Hobson GLM - Chapter 7-2
.Purpose To work out the example in Chap 7 section 7.8
Senility and WAIS
> folder <- "C:/Cauldron/garage/R/soulcraft/Volatility/Learn/Dobson-GLM/" > file.input <- paste(folder, "Table 7.8 Senility and WAIS.csv", + sep = "") > data <- read.csv(file.input, header = T, stringsAsFactors = F) |
> total <- as.data.frame(tapply(data$s, data$x, length))
> present <- as.data.frame(tapply(data$s, data$x, sum))
> temp <- cbind(as.numeric(rownames(total)), present[, 1], total[,
+ 1])
> temp <- data.frame(temp)
> colnames(temp) <- c("s", "y", "total")
> temp$ny <- temp$total - temp$y |
Using R
> fit <- glm(formula = cbind(temp$y, temp$ny) ~ temp$s, family = binomial(link = "logit"))
> summary(fit)
Call:
glm(formula = cbind(temp$y, temp$ny) ~ temp$s, family = binomial(link = "logit"))
Deviance Residuals:
Min 1Q Median 3Q Max
-0.9064 -0.6965 -0.2538 0.1719 1.7771
Coefficients:
Estimate Std.
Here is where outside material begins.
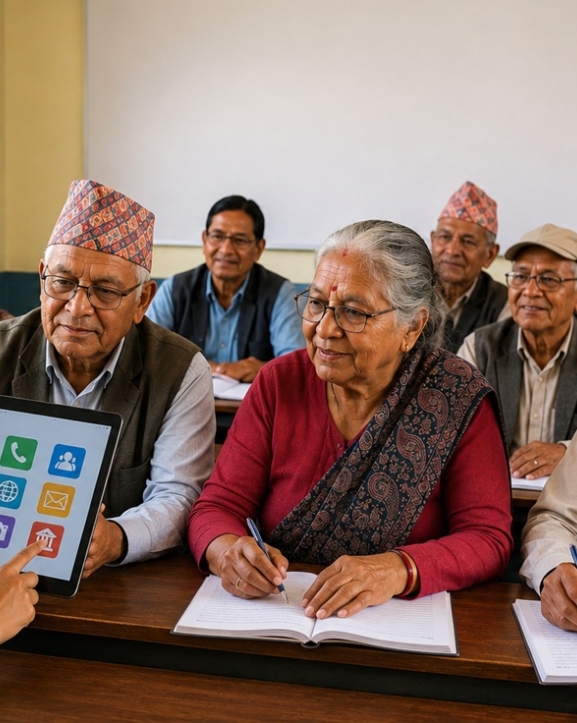 वृद्धवृद्धालाई प्रविधि सिकाउँदै सरकार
Error z value Pr(>|z|)
(Intercept) 2.4040 1.1918 2.017 0.04369 *
temp$s -0.3235 0.1140 -2.838 0.00453 **
---
Signif. codes: 0 '***' 0.001 '**' 0.01 '*' 0.05 '.' 0.1 ' ' 1
(Dispersion parameter for binomial family taken to be 1)
Null deviance: 20.208 on 16 degrees of freedom
Residual deviance: 9.419 on 15 degrees of freedom
AIC: 27.792
Number of Fisher Scoring iterations: 5 |
> betas <- coef(fit)
> t1 <- exp(betas[1] + betas[2] * temp$s)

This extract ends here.